New satellite measurements show sea level rise is accelerating, as CNN accurately reports
This article at CNN reports on a new study that calculates the acceleration of sea level rise that has become apparent in the record of satellite measurements, which began in 1993. Because the satellite record is so short, this acceleration has not been clear until recently.
Figure – Global mean sea level (blue), after removing an estimate for the impacts of the eruption of Mount Pinatubo (red), and after also removing the influence of El Niño (green), fit with a quadratic (black). The acceleration is 0.084 mm/y2. From Nerem et al. (2018)
Scientists who reviewed the article found that it described the study accurately. The article could have clarified for context that many studies have analyzed sea level rise trends in tide gauge data going back to the early 20th century.
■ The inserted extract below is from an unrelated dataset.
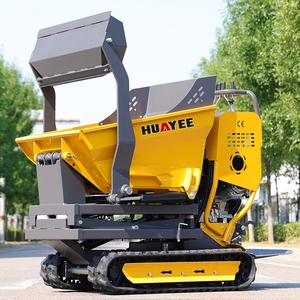 Mini-dumper chenillé robuste de haute qualité, benne basculante, transporteur de jardin, 500 kg, vert, facile à utiliser - Product Image 2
REVIEWERS’ OVERALL FEEDBACK
These comments are the overall opinion of scientists on the article, they are substantiated by their knowledge in the field and by the content of the analysis in the annotations on the article.
This is, in general, a good article that represents quite well the message from the study under discussion, with only a few statements that could have been clarified.
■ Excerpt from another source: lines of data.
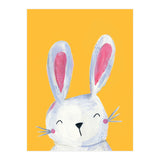 Woodland Bunny On Mustard (Print Only) thumbnail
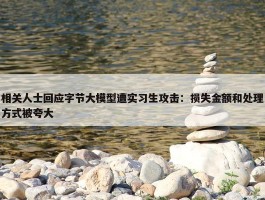 相关人士回应字节大模型遭实习生攻击：损失金额和处理方式被夸大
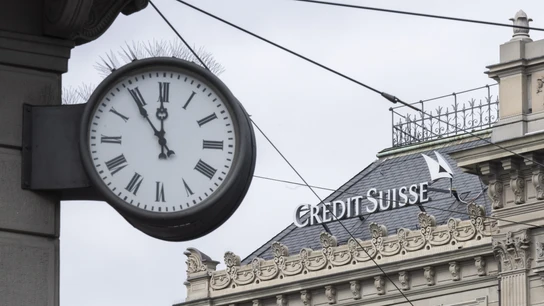 Una sucursal de Credit Suisse, en Zúrich. Una sucursal de Credit Suisse, en Zúrich.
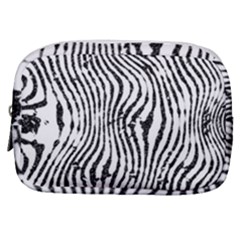 Zebra Print Stripes Make Up Pouch (small) by SpinnyChairDesigns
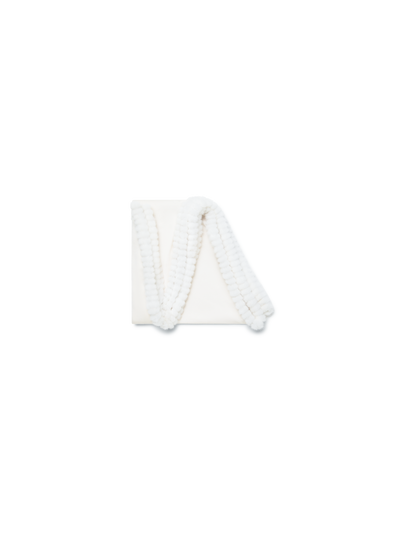 Designer Cashmere-Silk Scarf - ecru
However, I think that the article would have gained from placing the study in a better context, as there have been other data-based assessments of 21st century sea level rise1,2 (process-based or statistical). A comparison to assessments of modern sea level rise that included tide gauge data3 would have been useful too.
- 1-Jackson and Jevrejeva (2016) A probabilistic approach to 21st century regional sea-level projections using RCP and High-end scenarios, Global and Planetary Change
- 2-Kopp et al (2017) Evolving Understanding of Antarctic Ice-Sheet Physics and Ambiguity in Probabilistic Sea-Level Projections, Earth’s Future
- 3-Hay et al (2015) Probabilistic reanalysis of twentieth-century sea-level rise, Nature
Associate Professor, Delft University of Technology
I think this article accurately presents what we see in the satellite and tide gauge data. The wording “the projection agrees perfectly with climate models” is maybe somewhat strong. One could say the observation data is consistent with climate models.
Global geological sea-level data from the Common Era (last 2000 years), global sea-level data from tide gauge records since 1880 and now satellite sea-level data from 1993 all show that the rate of sea level rise is accelerating. These accelerations in sea level is a cause for great concern.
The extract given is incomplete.